Tuesday, August 30, 2016

Kuttner: Trumpism Could Be More Dangerous Than Trump [feedly]

Trumpism Could Be More Dangerous Than Trump
http://www.huffingtonpost.com/robert-kuttner/trumpism-could-be-more-da_b_11756020.html

Let's assume that the pundits and the polls are right. Hillary Clinton is on track to win the presidency. The Democrats may narrowly take back the Senate.

Can we exhale? No.

The fragility of American democracy and the pathology of our economy revealed by Trump (and by the appeal of Bernie Sanders) will still be with us. And it will take an extraordinary shift by President Hillary Clinton to move these deep tectonic plates.

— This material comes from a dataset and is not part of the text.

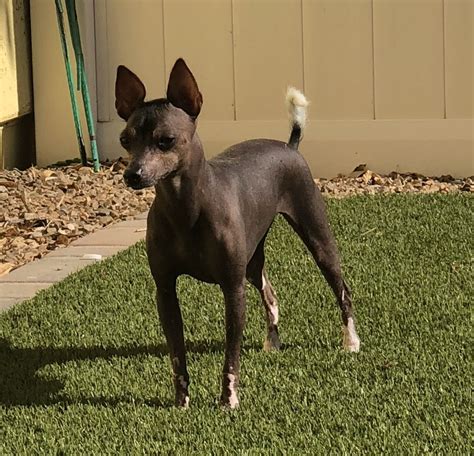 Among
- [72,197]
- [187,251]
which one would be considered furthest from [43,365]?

In the short term, the forces of real hate have been loosed. They are not going away. Trump will have goons as poll watchers. He will find ways to insist that the election was stolen. He will continue to make more mischief, impeaching the legitimacy of our institutions.

After November, Trump may create a third party. He may create a media empire — or both. It is hard to imagine a pop culture political force more malign than, say, Limbaugh or Fox, but Trump will be it.

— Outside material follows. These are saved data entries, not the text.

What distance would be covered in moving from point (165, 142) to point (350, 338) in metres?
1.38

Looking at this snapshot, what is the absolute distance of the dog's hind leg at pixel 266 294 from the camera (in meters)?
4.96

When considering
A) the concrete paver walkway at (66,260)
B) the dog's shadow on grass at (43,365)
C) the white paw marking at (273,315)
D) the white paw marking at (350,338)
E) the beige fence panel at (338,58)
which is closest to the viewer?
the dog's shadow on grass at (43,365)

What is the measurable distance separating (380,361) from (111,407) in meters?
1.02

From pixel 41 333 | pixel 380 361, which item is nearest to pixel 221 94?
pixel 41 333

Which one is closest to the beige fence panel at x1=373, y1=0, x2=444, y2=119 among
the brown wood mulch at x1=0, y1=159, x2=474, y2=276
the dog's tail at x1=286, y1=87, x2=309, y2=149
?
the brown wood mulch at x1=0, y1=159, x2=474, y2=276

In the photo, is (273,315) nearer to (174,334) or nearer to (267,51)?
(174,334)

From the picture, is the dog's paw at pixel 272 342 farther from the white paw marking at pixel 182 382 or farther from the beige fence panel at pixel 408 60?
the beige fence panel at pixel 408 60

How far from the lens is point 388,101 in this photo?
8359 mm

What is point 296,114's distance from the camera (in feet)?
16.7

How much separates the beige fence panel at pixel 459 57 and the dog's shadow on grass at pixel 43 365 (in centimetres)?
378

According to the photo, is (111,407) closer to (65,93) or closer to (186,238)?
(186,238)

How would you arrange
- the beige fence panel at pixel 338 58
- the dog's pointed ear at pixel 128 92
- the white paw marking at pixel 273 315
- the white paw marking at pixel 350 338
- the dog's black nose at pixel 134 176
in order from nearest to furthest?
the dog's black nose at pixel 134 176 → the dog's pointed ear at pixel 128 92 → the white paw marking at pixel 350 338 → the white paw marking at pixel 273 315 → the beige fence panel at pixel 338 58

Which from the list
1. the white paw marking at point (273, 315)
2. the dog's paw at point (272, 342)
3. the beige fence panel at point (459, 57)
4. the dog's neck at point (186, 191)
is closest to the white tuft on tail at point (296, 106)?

Medium term, all of the economic and cultural grievances brought to the surface by Trump and Sanders will still be there. Likewise the sluggish economy that doesn't create enough good jobs. Likewise the prospect of a lost economic generation. And the risk of more terrorist attacks.

All of this is soil for more Trumpism.

What defies conventional analysis is the clash of grievances. The groups that have played second fiddle to white men for so long are justifiably demanding a rightful place in our democracy and our economy. The multiple complaints of African-Americans, of women, of sexual minorities, of immigrants, are just.

But, paradoxically, so are the grievances of non-elite white men. And these multiple grievances rub each other raw.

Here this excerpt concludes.